8) "Ce qui ne suppose pas, contrairement à l’interprétation stalinienne, la suppression de la classe bourgeoise, mais son assujettissement aux intérêts de l’état devenu prolétarien (Lénine 1918-polémique contre Kautsky-capitalisme d’état). Depuis les réformes Deng Xiao Ping (1980) on est dans cette situation en Chine."

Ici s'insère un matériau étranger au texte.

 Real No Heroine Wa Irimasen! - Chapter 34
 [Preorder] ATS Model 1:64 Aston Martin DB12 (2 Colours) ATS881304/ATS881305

Le cas de la chine n’est pas comparable à celui des pays occidentaux. Elle est passée du féodalisme au communisme, sans passer par une révolution industrielle et la création d’une classe bourgeoise. Donc, son retour à un capitalisme d’État lui était dicté par la nécessité de s’industrialiser tout en se retrouvant happé par le capitalisme financier qui en a fait l’usine du monde à cause d’une main-d’œuvre docile et à bon marché. Le capitalisme d’État supprime d’emblée la classe capitaliste qui n’est plus bourgeoise au sens historique du mot. Mais pour y arriver, c’est une autre histoire nécessitant un autre développement parce que l’Occident arrive à résoudre ses contradictions grâce à son expansionnisme qui fait par exemple des États africains des États défaillants. Les interventions de l’Occident en Afrique et au Moyen-Orient le prouvent comme un dessin d’enfant sans fioritures. Il n’y va pas pour seulement exploiter leurs ressources, mais aussi pour les vider de leurs éléments compétents et en faire des serviteurs zélés.